Problem:
A faithful copy of each record is required, minus the images.

Exercise input:
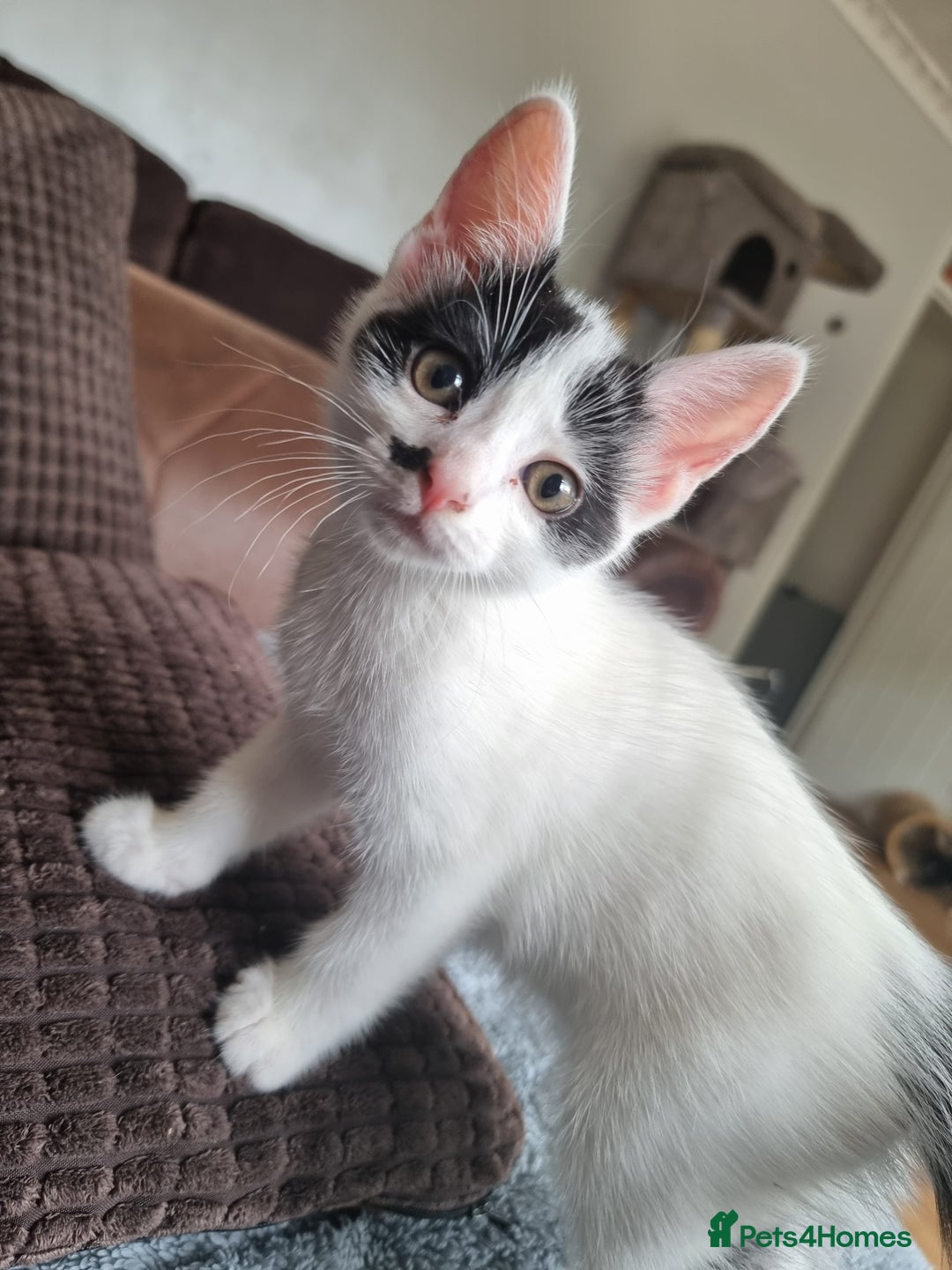 Bengal cats for sale: Bengal cross kittens  - Image 4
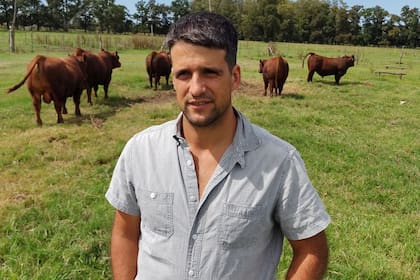 Ricardo Orazi: "En total son 6000 hectáreas con características específicas, pero en todos los campos tenemos como objetivo desarrollar reproductores o producción comercial de carne en condiciones pastoriles, adaptadas a la región de la Cuenca del Salado de la provincia de Buenos Aires”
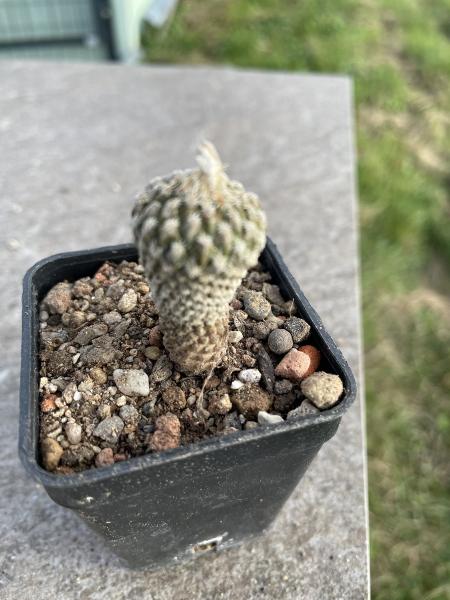 Encephalocarpus strobiliformis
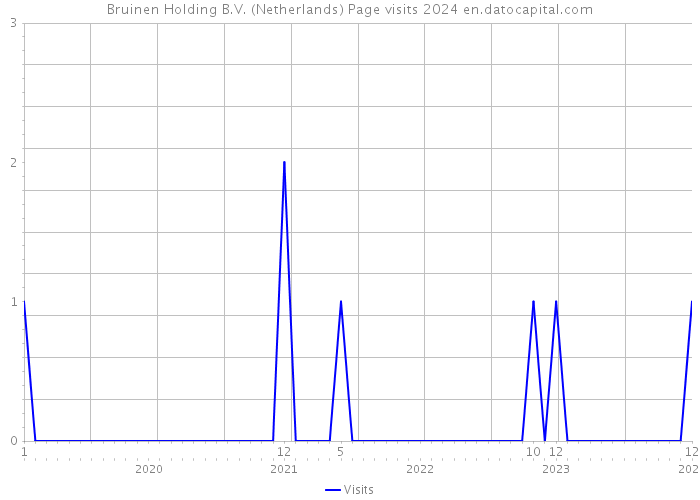 Bruinen Holding B.V. (Netherlands) Page visits 2024 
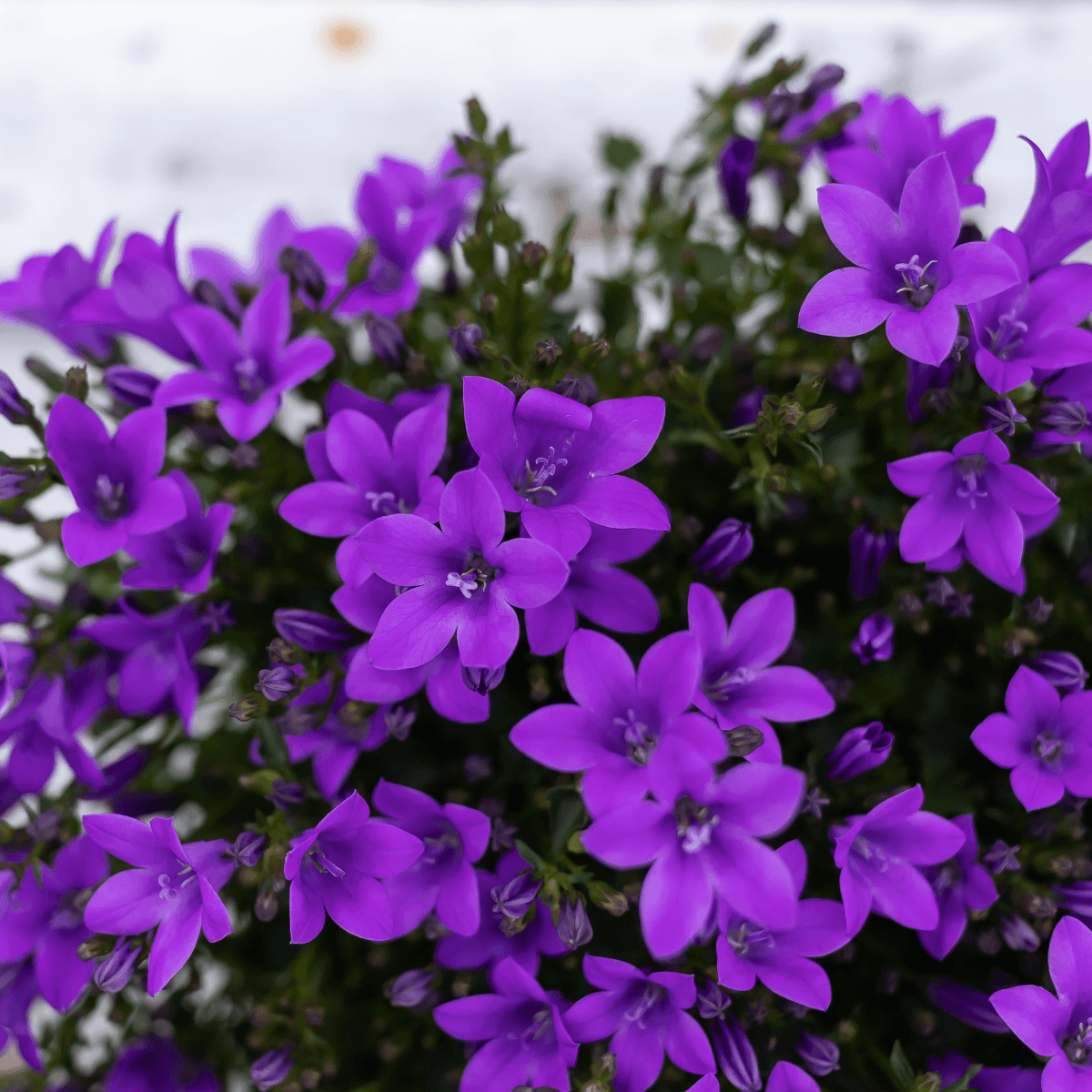Campanula Addenda Ambella Intense purple in Malaga sierpotten - potmaat 12cm Plant Greenify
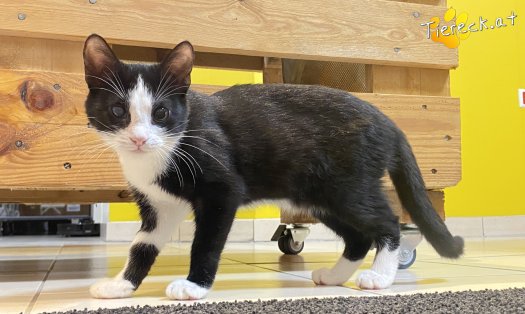 Katze Baily (Foto by Tiereck.at - Lavanttaler Tierhilfe)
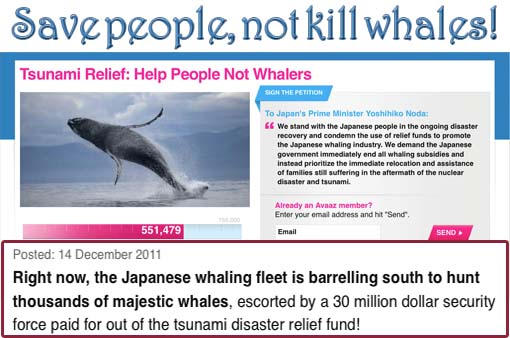 Tsunami Relief: Help People Not Whalers.. The Japanese whaling fleet is barrelling south to hunt thousands of majestic whales, escorted by a 30 million dollar security force paid for out of the tsunami disaster relief fund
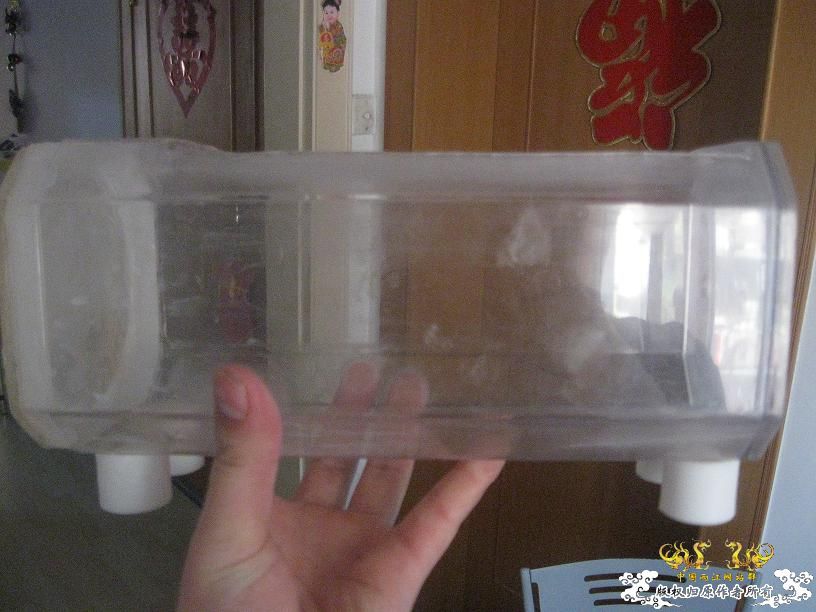 我的50小缸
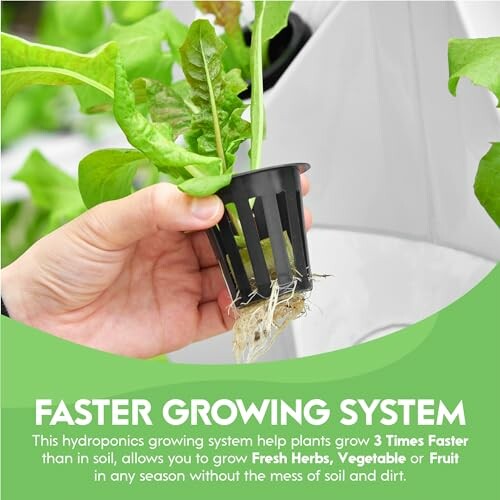 Hand holding a plant in a hydroponics system.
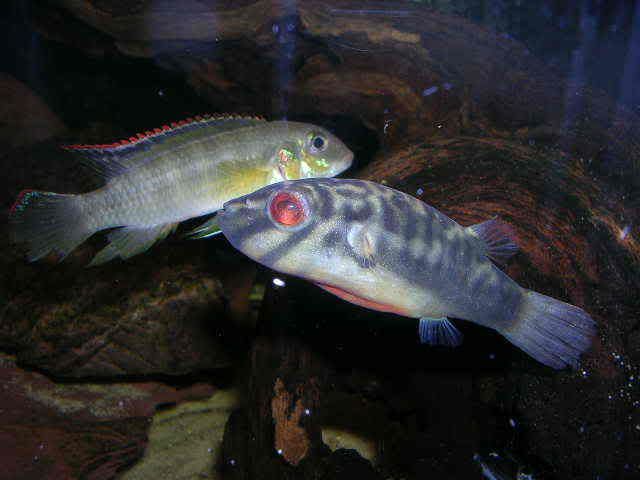 DSCN2618.jpg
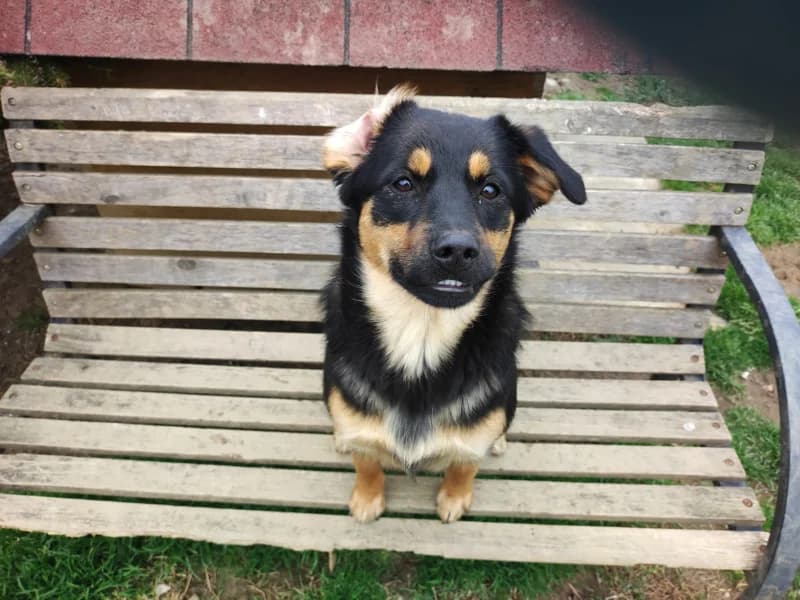 Zuhause gesucht, female Mixed Breed for adoption at Tiere in Not Saar e.V., Saarbrücken — photo 7 of 11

The answer:
 Bengal cats for sale: Bengal cross kittens  - Image 4
 Ricardo Orazi: "En total son 6000 hectáreas con características específicas, pero en todos los campos tenemos como objetivo desarrollar reproductores o producción comercial de carne en condiciones pastoriles, adaptadas a la región de la Cuenca del Salado de la provincia de Buenos Aires”
 Encephalocarpus strobiliformis
 Bruinen Holding B.V. (Netherlands) Page visits 2024 
Campanula Addenda Ambella Intense purple in Malaga sierpotten - potmaat 12cm Plant Greenify
 Katze Baily (Foto by Tiereck.at - Lavanttaler Tierhilfe)
 Tsunami Relief: Help People Not Whalers.. The Japanese whaling fleet is barrelling south to hunt thousands of majestic whales, escorted by a 30 million dollar security force paid for out of the tsunami disaster relief fund
 我的50小缸
 Hand holding a plant in a hydroponics system.
 DSCN2618.jpg
 Zuhause gesucht, female Mixed Breed for adoption at Tiere in Not Saar e.V., Saarbrücken — photo 7 of 11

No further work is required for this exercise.